In 2010, he was a Visiting Research Student with the Department of Electrical Engineering and Computer Science, University of Michigan, Ann Arbor. His current research interests include very large-

scale integrated physical design automation with emphasis on 3-D integration.

Mr. Knechtel received a scholarship from the German Academic Exchange Service in 2010. He is a fellow and a Ph.D. Scholarship Holder of the research group Nano and Biotechnologies for Packaging of Electronic Systems, funded by the German Research Foundation.



**Igor L. Markov** (S'97–M'01–SM'05) received the Ph.D. degree in computer science from the University of California at Los Angeles, Los Angeles.

Currently, he is an Associate Professor of electrical engineering and computer science at the University of Michigan, Ann Arbor. He has co-authored three books and more than 180 refereed publications. His current research interests include computers that make computers.

Prof. Markov was the recipient of a DAC Fellowship, an ACM SIGDA Outstanding New Faculty

Award, an NSF CAREER Award, an IBM Partnership Award, a Microsoft A. Richard Newton Breakthrough Research Award, and the inaugural IEEE CEDA Early Career Award. Some of his publications have received the Best Paper Awards at the Design Automation and Test in Europe (DATE), the International Symposium on Physical Design, and the IEEE Transactions on Computer-Aided Design conferences. In the 2011 redesign of the ACM Computing Classification System, he led the effort on the hardware tree. He is an Executive Board Member of ACM SIGDA. He is an Editorial Board Member of the *Communications of ACM* and IEEE DESIGN AND TEST, as well as several ACM and IEEE transactions. He has chaired tracks at DAC, ICCAD, ICCD, DATE, and GLSVLSI.

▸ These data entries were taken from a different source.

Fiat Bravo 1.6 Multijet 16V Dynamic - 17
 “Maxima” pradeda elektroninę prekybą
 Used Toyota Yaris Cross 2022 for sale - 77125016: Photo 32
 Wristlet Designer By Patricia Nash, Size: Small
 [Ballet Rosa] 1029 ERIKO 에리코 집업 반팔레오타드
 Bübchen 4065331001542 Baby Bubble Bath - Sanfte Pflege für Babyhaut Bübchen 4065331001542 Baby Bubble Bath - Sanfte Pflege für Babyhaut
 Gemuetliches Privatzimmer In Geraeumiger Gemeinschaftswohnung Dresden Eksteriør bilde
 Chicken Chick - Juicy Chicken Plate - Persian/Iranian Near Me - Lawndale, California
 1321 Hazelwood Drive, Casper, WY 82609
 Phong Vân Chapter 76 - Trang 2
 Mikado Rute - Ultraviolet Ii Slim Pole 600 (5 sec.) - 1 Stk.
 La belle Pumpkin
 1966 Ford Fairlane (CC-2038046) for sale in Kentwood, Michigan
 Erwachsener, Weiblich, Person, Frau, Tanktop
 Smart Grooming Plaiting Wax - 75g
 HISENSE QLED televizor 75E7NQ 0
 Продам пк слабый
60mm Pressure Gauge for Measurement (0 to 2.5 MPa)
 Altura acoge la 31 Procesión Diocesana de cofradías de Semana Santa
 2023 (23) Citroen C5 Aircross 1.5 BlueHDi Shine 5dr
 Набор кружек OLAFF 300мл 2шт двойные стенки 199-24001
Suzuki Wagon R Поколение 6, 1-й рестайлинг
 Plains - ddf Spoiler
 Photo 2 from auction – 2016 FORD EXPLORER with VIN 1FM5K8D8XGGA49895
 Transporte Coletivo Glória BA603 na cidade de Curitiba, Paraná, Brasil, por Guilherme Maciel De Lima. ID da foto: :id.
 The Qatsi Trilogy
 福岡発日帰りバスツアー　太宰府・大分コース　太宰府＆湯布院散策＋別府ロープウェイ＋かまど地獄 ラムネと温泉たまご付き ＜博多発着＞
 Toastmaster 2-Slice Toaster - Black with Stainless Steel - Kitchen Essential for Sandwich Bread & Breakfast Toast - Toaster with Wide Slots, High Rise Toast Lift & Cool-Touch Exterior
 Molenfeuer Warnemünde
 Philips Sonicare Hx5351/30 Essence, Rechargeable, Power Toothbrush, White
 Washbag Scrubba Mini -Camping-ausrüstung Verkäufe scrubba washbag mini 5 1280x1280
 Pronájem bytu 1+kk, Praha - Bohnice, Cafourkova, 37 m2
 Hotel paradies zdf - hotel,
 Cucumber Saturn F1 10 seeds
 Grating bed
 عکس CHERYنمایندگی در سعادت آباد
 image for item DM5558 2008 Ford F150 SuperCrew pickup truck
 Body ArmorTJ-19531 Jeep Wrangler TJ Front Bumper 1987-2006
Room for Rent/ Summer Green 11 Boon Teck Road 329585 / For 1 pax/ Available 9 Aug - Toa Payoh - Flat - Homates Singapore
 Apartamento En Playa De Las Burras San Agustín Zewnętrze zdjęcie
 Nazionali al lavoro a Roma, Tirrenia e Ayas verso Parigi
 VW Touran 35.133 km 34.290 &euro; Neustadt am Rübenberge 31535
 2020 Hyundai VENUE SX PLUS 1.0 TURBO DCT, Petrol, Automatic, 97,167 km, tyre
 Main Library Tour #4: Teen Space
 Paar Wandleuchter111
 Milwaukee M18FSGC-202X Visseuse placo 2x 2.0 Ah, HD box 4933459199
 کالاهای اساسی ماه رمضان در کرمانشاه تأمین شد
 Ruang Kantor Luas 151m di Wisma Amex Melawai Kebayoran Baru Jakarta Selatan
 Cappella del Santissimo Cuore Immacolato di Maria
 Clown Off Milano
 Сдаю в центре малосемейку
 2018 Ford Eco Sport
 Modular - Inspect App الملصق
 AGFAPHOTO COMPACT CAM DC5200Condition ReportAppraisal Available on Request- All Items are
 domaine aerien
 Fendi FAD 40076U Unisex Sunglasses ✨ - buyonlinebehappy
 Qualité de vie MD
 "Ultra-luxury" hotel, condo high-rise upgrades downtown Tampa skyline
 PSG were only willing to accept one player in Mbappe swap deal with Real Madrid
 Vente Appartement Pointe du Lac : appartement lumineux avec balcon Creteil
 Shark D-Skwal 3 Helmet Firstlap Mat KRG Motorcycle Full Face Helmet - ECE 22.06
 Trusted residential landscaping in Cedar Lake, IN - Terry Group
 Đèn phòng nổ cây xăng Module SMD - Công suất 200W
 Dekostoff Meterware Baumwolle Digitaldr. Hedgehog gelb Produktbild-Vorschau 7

**Jens Lienig** (M'97–SM'10) received the M.S. (Diploma), Ph.D. (Dr.-Ing.), and Habilitation degrees in electrical engineering from the Dresden University of Technology, Dresden, Germany, in 1988, 1991, and 1996, respectively.

He is currently a Full Professor of electrical engineering at the Dresden University of Technology, where he is also the Director of the Institute of Electromechanical and Electronic Design. From 1999 to 2002, he was a Tool Manager with Robert Bosch GmbH, Reutlingen, Germany. From 1996 to 1999,

he was with Tanner Research, Inc., Pasadena, CA. From 1994 to 1996, he was a Visiting Assistant Professor with the Department of Computer Science, University of Virginia, Charlottesville. From 1991 to 1994, he was a Post-Doctoral Fellow with Concordia University, Montréal, QC, Canada. His current research interests include physical design automation of very largescale integrated circuits, multichip modules, and printed circuit boards, with a special emphasis on electromigration avoidance in physical design, 3-D design, and constraint-driven design methodologies.

Prof. Lienig has served on the Technical Program Committee of the DATE, SLIP, and ISPD conferences.